Chronology of U.S.-North Korean Nuclear and Missile Diplomacy
Contact: Kelsey Davenport, Director for Nonproliferation Policy
Updated: April 2017

For years, the United States and the international community have tried to negotiate an end to North Korea’s nuclear and missile development and its export of ballistic missile technology. Those efforts have been replete with periods of crisis, stalemate, and tentative progress towards denuclearization, and North Korea has long been a key challenge for the global nuclear nonproliferation regime.

The United States has pursued a variety of policy responses to the proliferation challenges posed by North Korea, including military cooperation with U.S. allies in the region, wide-ranging sanctions, and non-proliferation mechanisms such as export controls. The United States also engaged in two major diplomatic initiatives in which North Korea to abandon its nuclear weapons efforts in return for aid.

In 1994, faced with North Korea’s announced intent to withdraw from the nuclear Nonproliferation Treaty (NPT), which requires non-nuclear weapon states to forswear the development and acquisition of nuclear weapons, the United States and North Korea signed the Agreed Framework. Under this agreement, Pyongyang committed to freezing its illicit plutonium weapons program in exchange for aid.

Following the collapse of this agreement in 2002, North Korea claimed that it had withdrawn from the NPT in January 2003 and once again began operating its nuclear facilities.

The second major diplomatic effort were the Six-Party Talks initiated in August of 2003 which involved China, Japan, North Korea, Russia, South Korea, and the United States. In between periods of stalemate and crisis, those talks arrived at critical breakthroughs in 2005, when North Korea pledged to abandon “all nuclear weapons and existing nuclear programs” and return to the NPT, and in 2007, when the parties agreed on a series of steps to implement that 2005 agreement.

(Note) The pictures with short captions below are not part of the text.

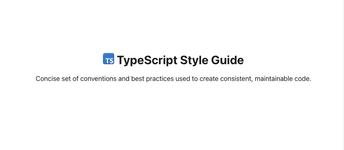 Thumbnail of TypeScript Style Guide |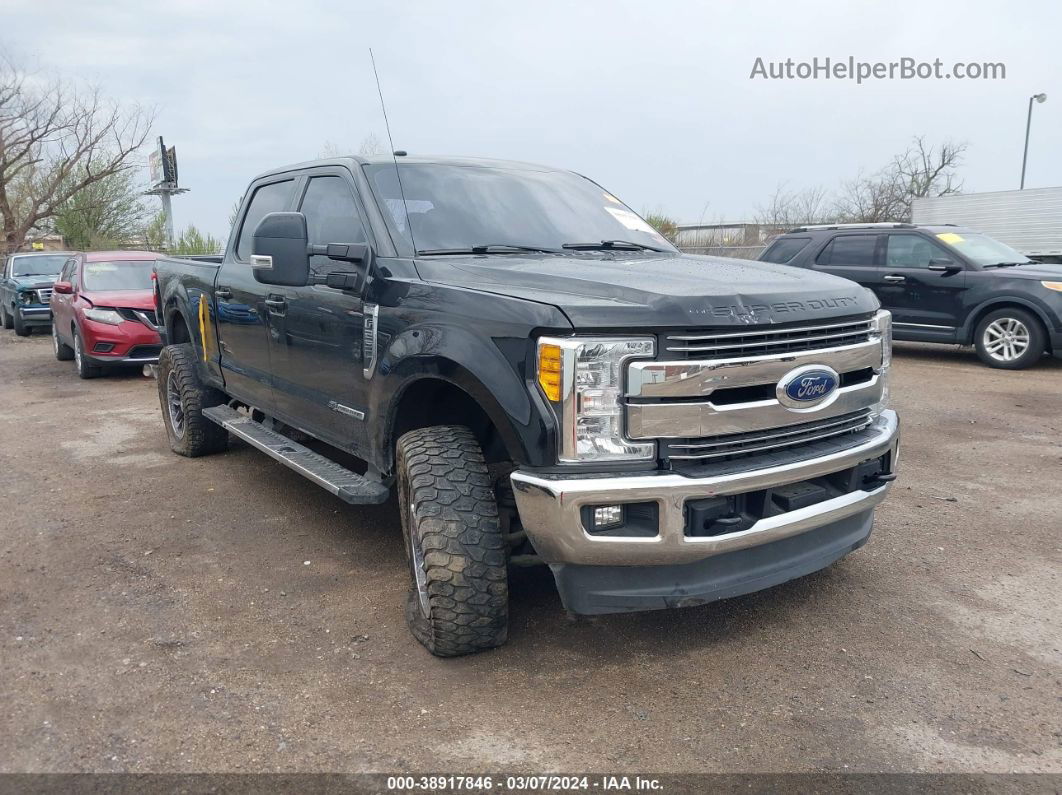 2018 Ford F-250 Lariat Black vin: 1FT7W2BT1JEB90475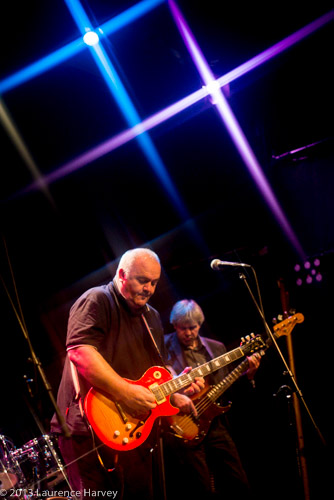 Nick Hyde on guitar
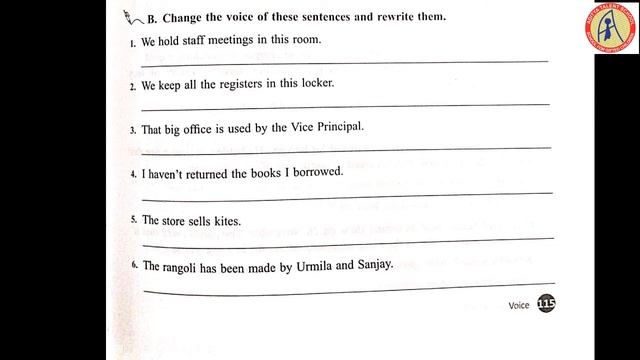 VIII ENGLISH GRAMMAR AND MORE:ACTIVE VOICE AND PASSIVE VOICE PG[112-120],AND S.M PG[150-151].VID-16 смотреть онлайн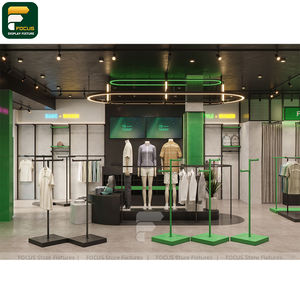 Exhibidores de Moda Contemporánea para Tiendas, Mostrador de Ropa, Vitrina de Prendas, Mueble de Vidrio para Tienda - Product Image 3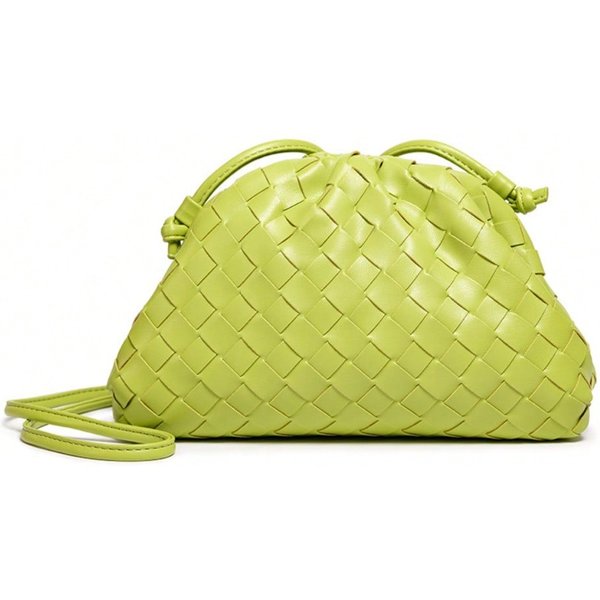Bolso Tejido De Nube, Bolso Dumpling, Bolso Popular Para Mujer, Elegante De Hombro Cruzado, Mujer Sosteniendo Un Bolso PequeñO Green Varios Colores-image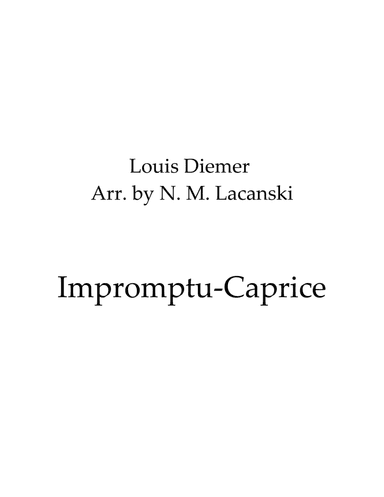 Impromptu-Caprice (arr. Nick Lacanski)
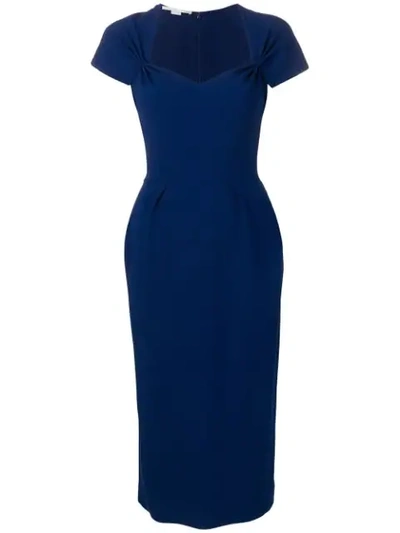 Stella Mccartney Cinched Midi Dress In Blue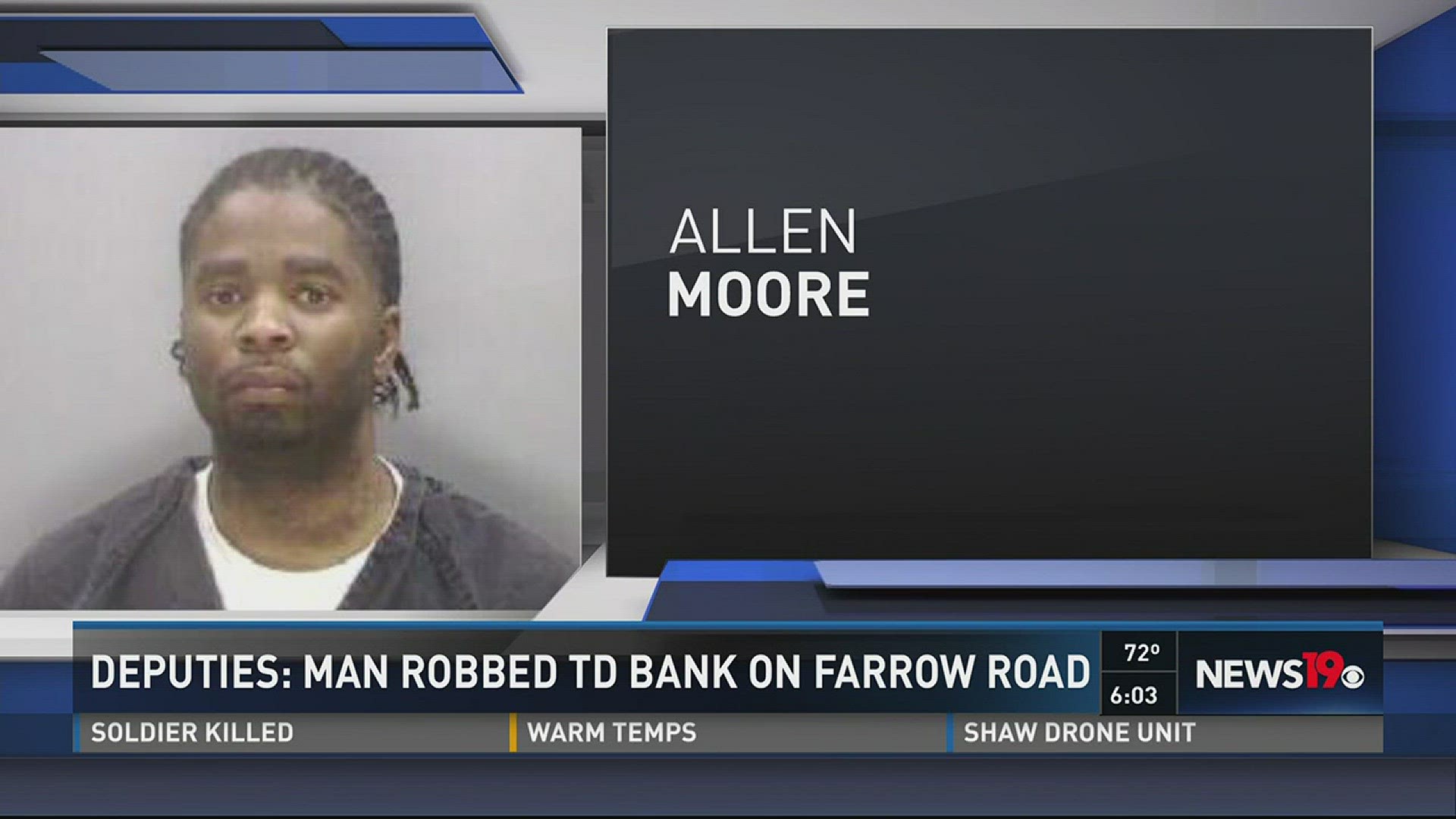 Bank Robbery Suspect Arrested 30 Minutes After Crime | wltx.com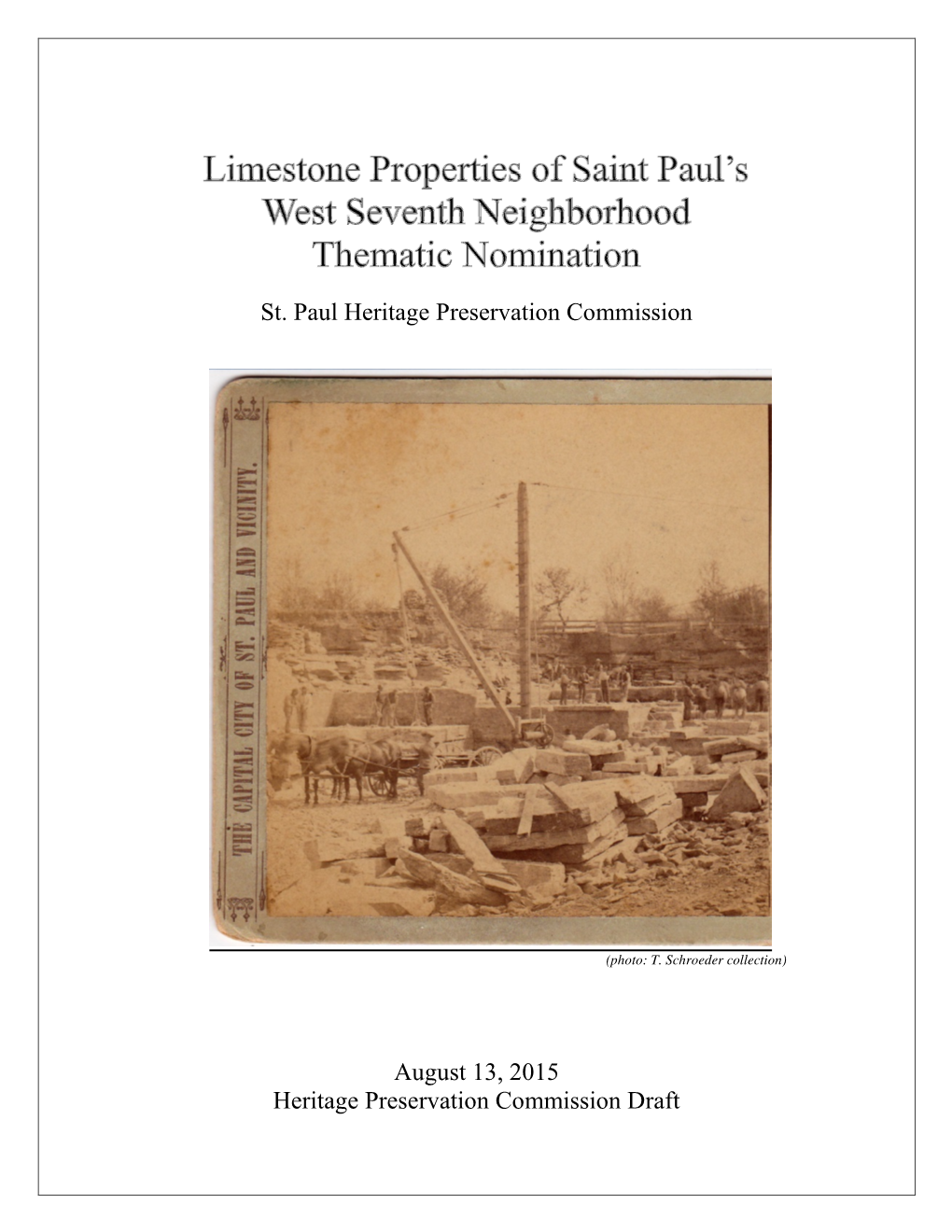 St. Paul Heritage Preservation Commission August 13, 2015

Those talks, however, broke down in 2009 following disagreements over verification and an internationally condemned North Korea rocket launch. Pyongyang has since stated that it would never return to the talks and is no longer bound by their agreements. The other five parties state that they remain committed to the talks, and have called for Pyongyang to recommit to its 2005 denuclearization pledge.

2017

February 12, 2017: North Korea tests a new ballistic missile, the Pukguksong-2. North Korean media calls the test a success. The missile flew about 500 kilometers at a lofted trajectory. Imagery suggests that the Pukguksong-2 is a solid-fueled, medium-range system based on a submarine launched ballistic missile that North Korea has been testing for several years. The test utilized 'cold-launch' technology, meaning that the missile was ejected from its canister using compressed gas. The transport erector launcher used for the missile test was also domestically manufactured in North Korea.

February 13, 2017: Kim Jong Nam, the older half-brother of Kim Jong Un, is killed in an airport in Malaysia. Tests reveal that he died from exposure to VX, a nerve agent. VX is banned under the Chemical Weapons Convention, but North Korea has not signed or ratified that treaty. North Korea denies responsibility for the assasination.

March 6, 2017: North Korea launches four ballistic missiles from a region near North Korea's border with China. The missiles fly about 1,000 kilometers and land in Japanese economic exclusion zone, about 300 kilometers off the coast Japan.

April 5, 2017: North Korea tests a ballistic missile. The missile explodes shortly after the launch.

April 15, 2017: North Korea celebrates the birth of its founder, Kim Il Sung, with a parade that displays several new ballistic missiles, including a new variant of the KN-08 and two cannister systems. It is unclear if the cannisters hold new ICBMS.

April 16, 2017: North Korea tests a ballistic missile. The missile explodes shorterly after the launch.

April 26, 2017: The Trump Administration briefs Congress on its North Korea policy and releases a statement that calls for increasing sanctions pressure on North Korea and working with allies and regional partners on diplomacy.

April 27, 2017: Secretary of State Rex Tillerson says in an interview with NPR that the United States is open to direct talks with North Korea on the "right agenda." He says that denuclearization is still the goal for any agreement.

April 28, 2017: Secretary of State Rex Tillerson chairs a special meeting of the UN Security Council. In opening remarks he says that North Korea must take "concrete steps to reduce the threat that its illiegal weapons programs pose" before talks can begin.